** Your instructions **
Would you print the data below exactly, leaving out every picture?

-.-.-

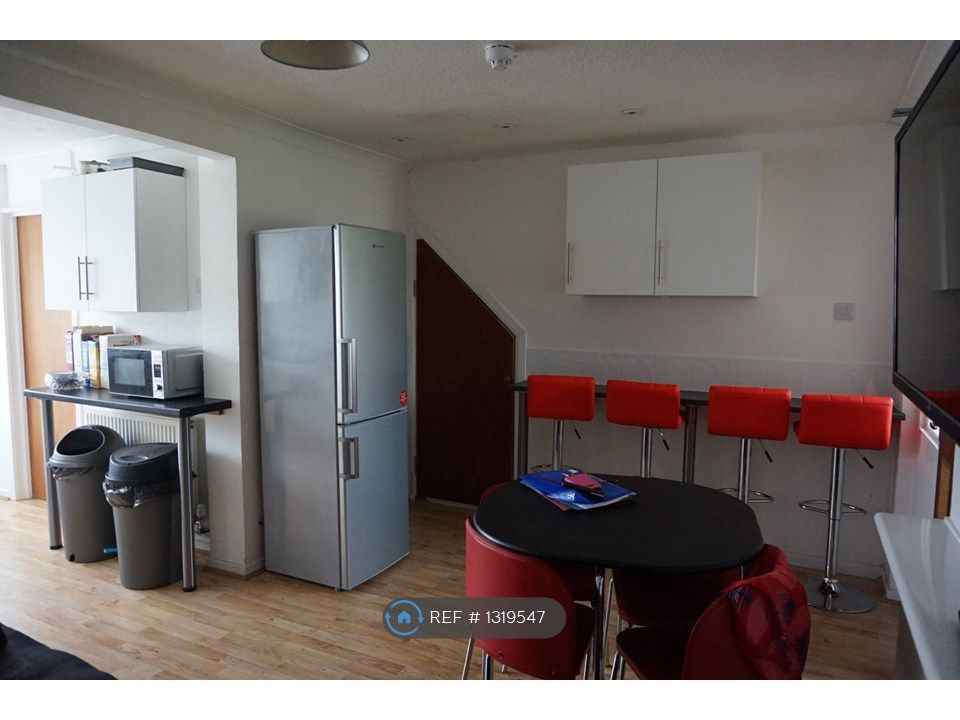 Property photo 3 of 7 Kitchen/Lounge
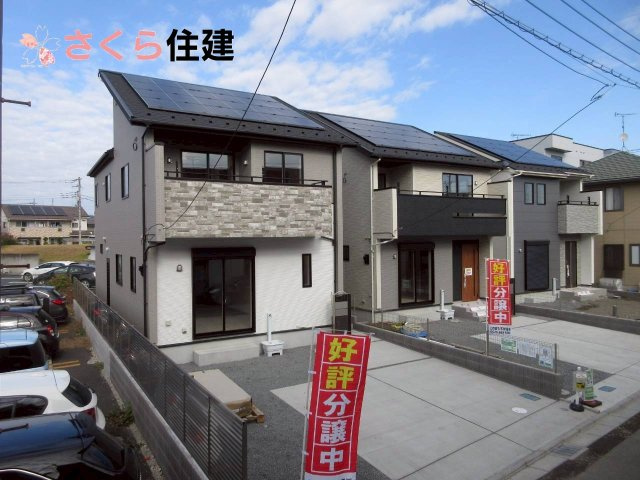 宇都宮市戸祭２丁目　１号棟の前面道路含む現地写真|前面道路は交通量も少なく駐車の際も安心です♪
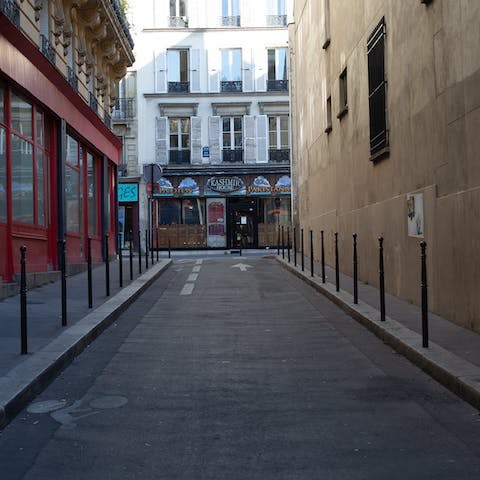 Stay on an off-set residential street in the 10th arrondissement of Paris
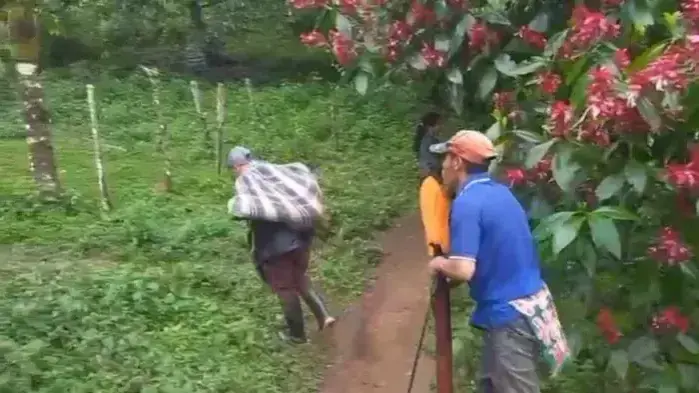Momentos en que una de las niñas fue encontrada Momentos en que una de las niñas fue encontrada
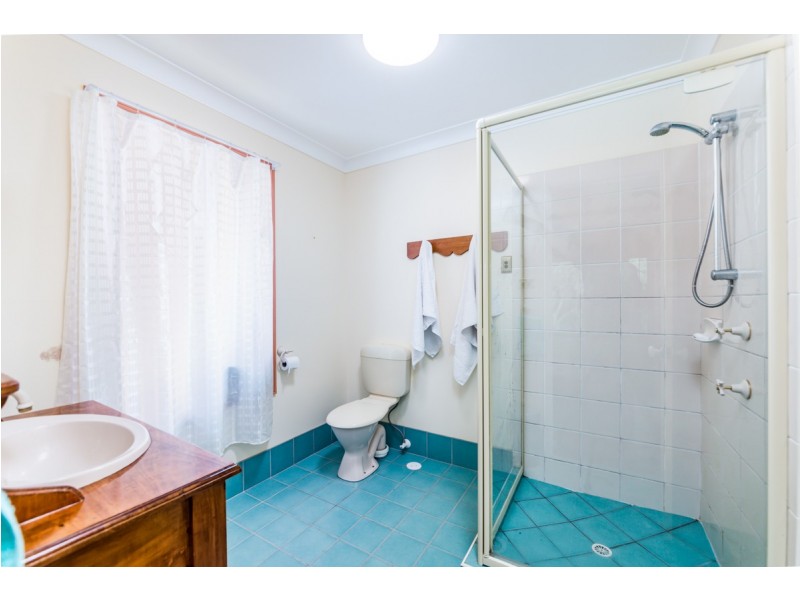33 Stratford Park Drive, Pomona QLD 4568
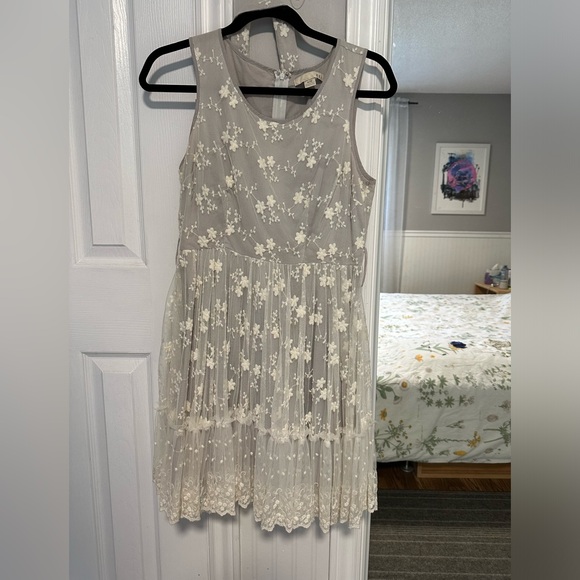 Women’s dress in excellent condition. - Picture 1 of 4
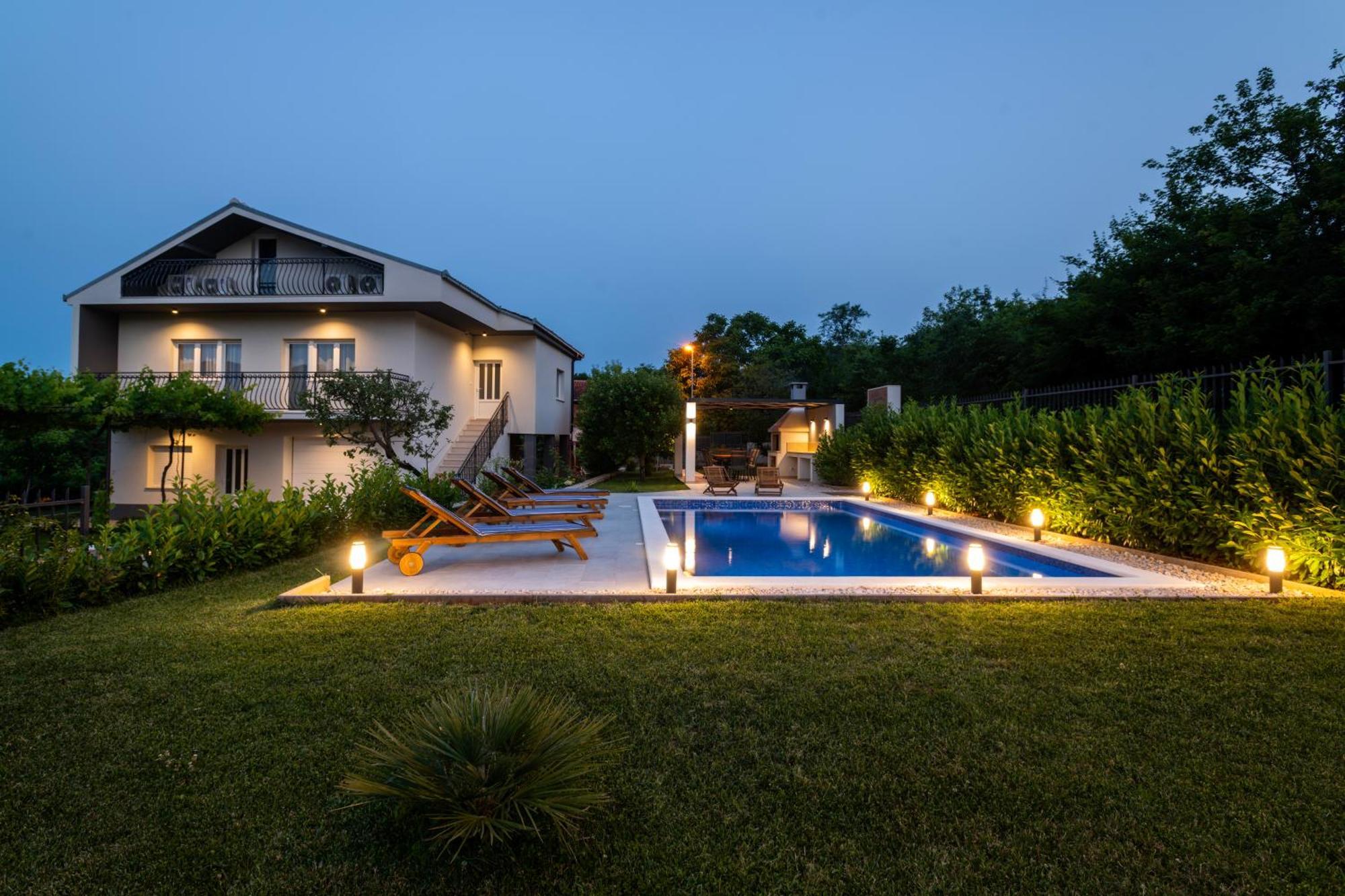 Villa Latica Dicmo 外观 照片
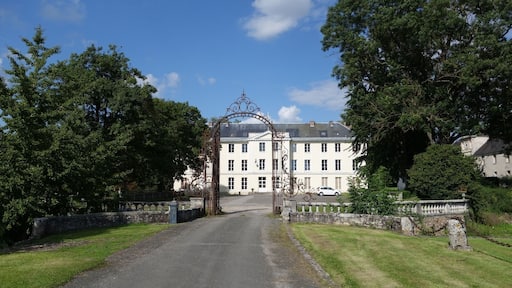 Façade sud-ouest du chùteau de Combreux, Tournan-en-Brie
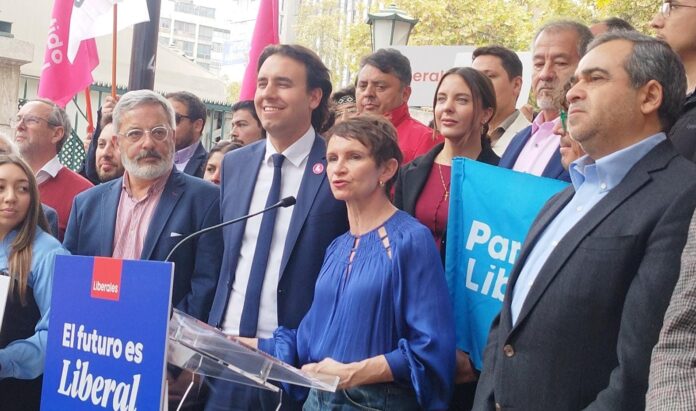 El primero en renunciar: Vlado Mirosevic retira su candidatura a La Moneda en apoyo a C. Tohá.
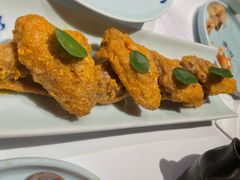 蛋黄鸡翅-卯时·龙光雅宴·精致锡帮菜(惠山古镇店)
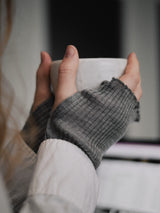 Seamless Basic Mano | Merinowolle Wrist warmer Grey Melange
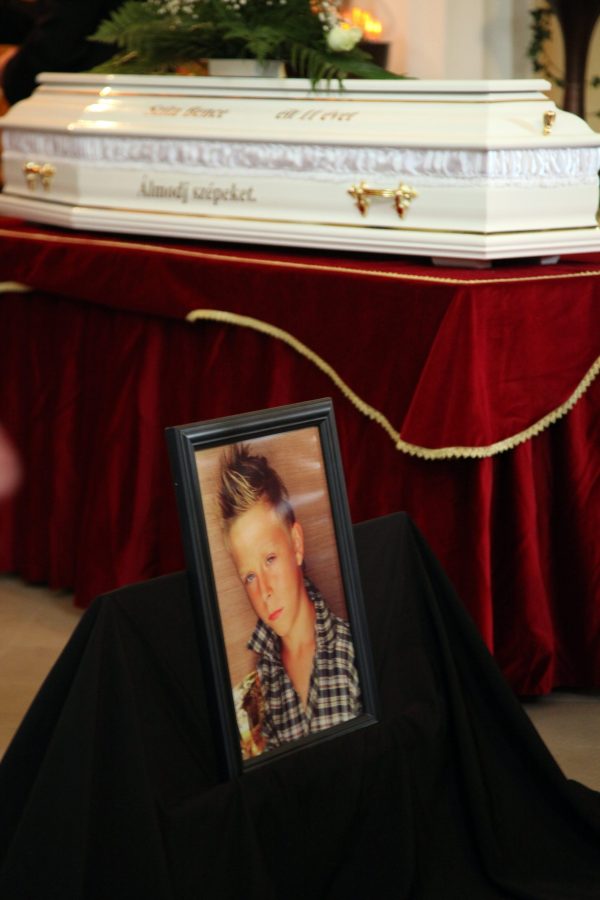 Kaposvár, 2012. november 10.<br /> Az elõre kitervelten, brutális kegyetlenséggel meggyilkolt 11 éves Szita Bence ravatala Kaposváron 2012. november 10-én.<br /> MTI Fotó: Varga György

-.-.-

** Output of the task **
 Property photo 3 of 7 Kitchen/Lounge
 宇都宮市戸祭２丁目　１号棟の前面道路含む現地写真|前面道路は交通量も少なく駐車の際も安心です♪
 Stay on an off-set residential street in the 10th arrondissement of Paris
Momentos en que una de las niñas fue encontrada Momentos en que una de las niñas fue encontrada
33 Stratford Park Drive, Pomona QLD 4568
 Women’s dress in excellent condition. - Picture 1 of 4
 Villa Latica Dicmo 外观 照片
 Façade sud-ouest du chùteau de Combreux, Tournan-en-Brie
 El primero en renunciar: Vlado Mirosevic retira su candidatura a La Moneda en apoyo a C. Tohá.
 蛋黄鸡翅-卯时·龙光雅宴·精致锡帮菜(惠山古镇店)
 Seamless Basic Mano | Merinowolle Wrist warmer Grey Melange
 Kaposvár, 2012. november 10.<br /> Az elõre kitervelten, brutális kegyetlenséggel meggyilkolt 11 éves Szita Bence ravatala Kaposváron 2012. november 10-én.<br /> MTI Fotó: Varga György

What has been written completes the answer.